◆ EXERCISE DETAILS
Repeat every entry word for word. Images do not belong in the copy.

◆ DATA FOR PROCESSING
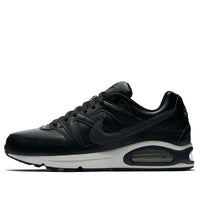 Nike Air Max Command Leather 'Black Anthracite' 749760-001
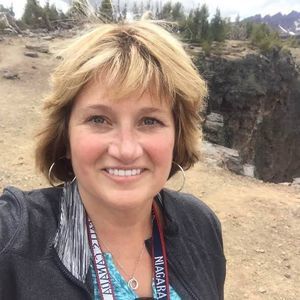 Meet your Posher, Nancy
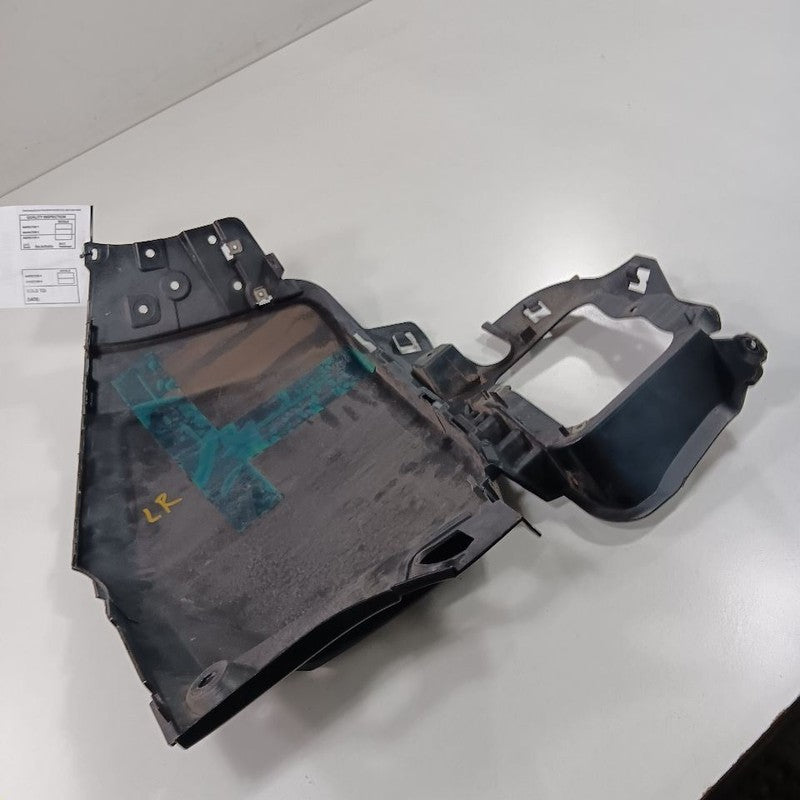 Jeep Renegade Upper Driver Left Bumper End Cap 2017 2018 2019 2020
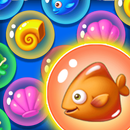 Bubble Link Boom APK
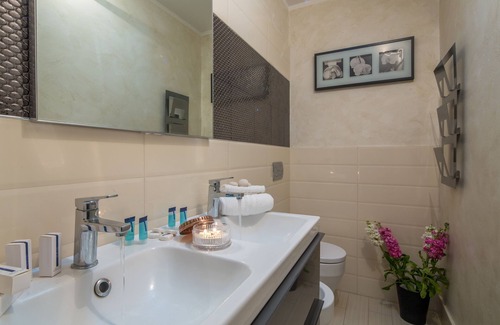 Castel Gandolfo Hotel | Hotel Castelgandolfo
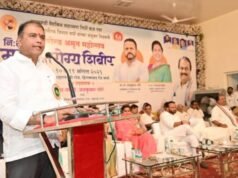 सर्वसामान्य गरीब नागरिकांना आता वैद्यकीय उपचाराची चिंता नाही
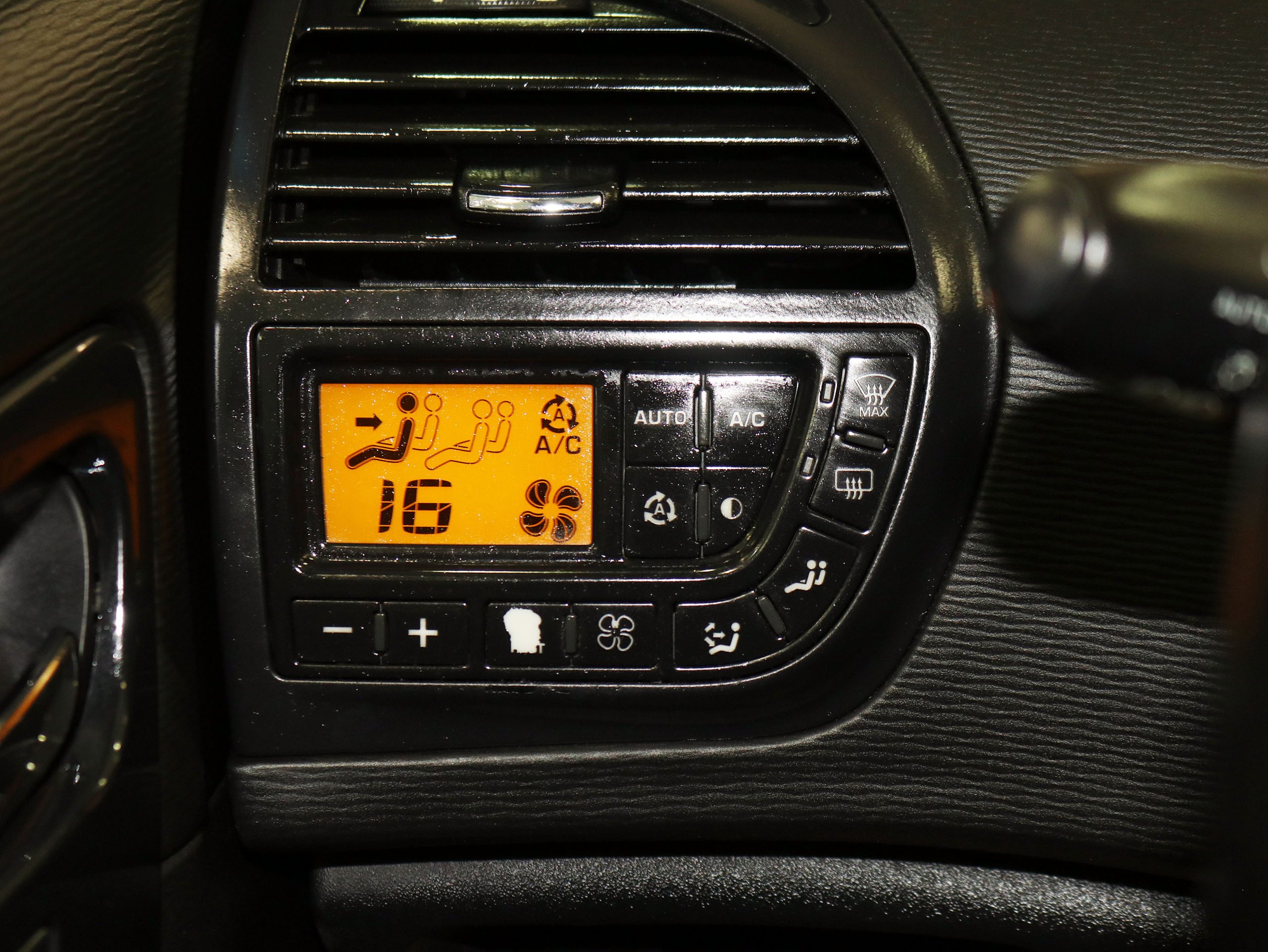 Foto Citroen C4 Picasso 18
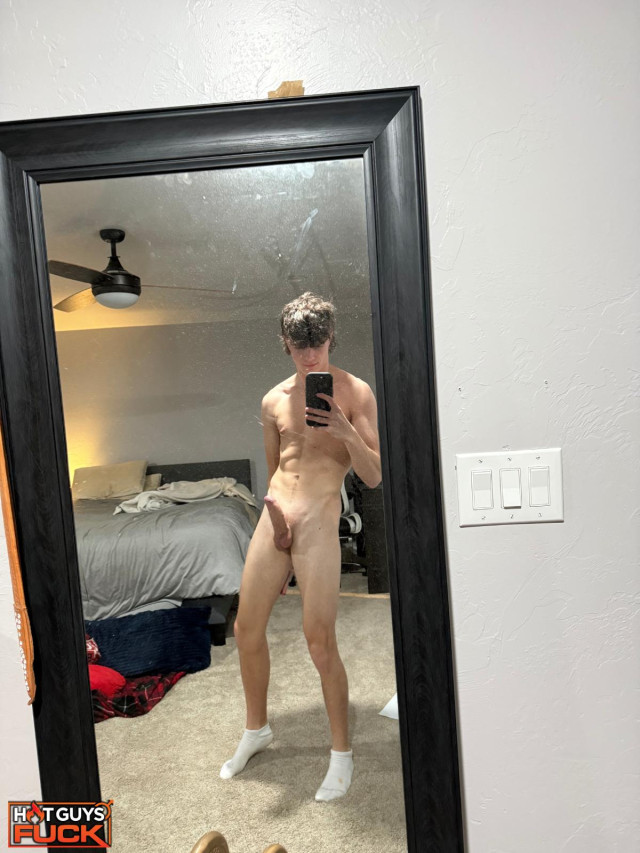 Rex Stamoss — Rex Stamoss Audition Video (photo 24)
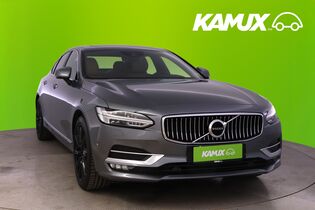 Volvo S90 vaihtoauto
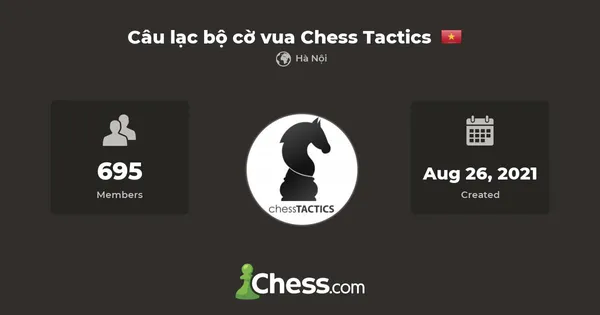 game cờ vua - Lichess.org - Câu Lạc Bộ Cờ Vua Online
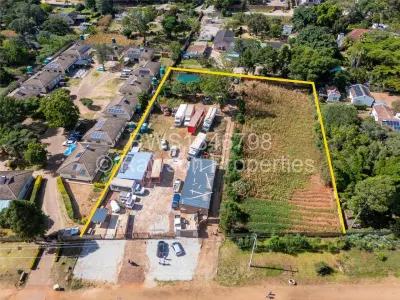 Residential Stand For Sale in Greendale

◆ ANSWER SPACE
 Nike Air Max Command Leather 'Black Anthracite' 749760-001
 Meet your Posher, Nancy
 Jeep Renegade Upper Driver Left Bumper End Cap 2017 2018 2019 2020
 Bubble Link Boom APK
 Castel Gandolfo Hotel | Hotel Castelgandolfo
 सर्वसामान्य गरीब नागरिकांना आता वैद्यकीय उपचाराची चिंता नाही
 Foto Citroen C4 Picasso 18
 Rex Stamoss — Rex Stamoss Audition Video (photo 24)
 Volvo S90 vaihtoauto
 game cờ vua - Lichess.org - Câu Lạc Bộ Cờ Vua Online
 Residential Stand For Sale in Greendale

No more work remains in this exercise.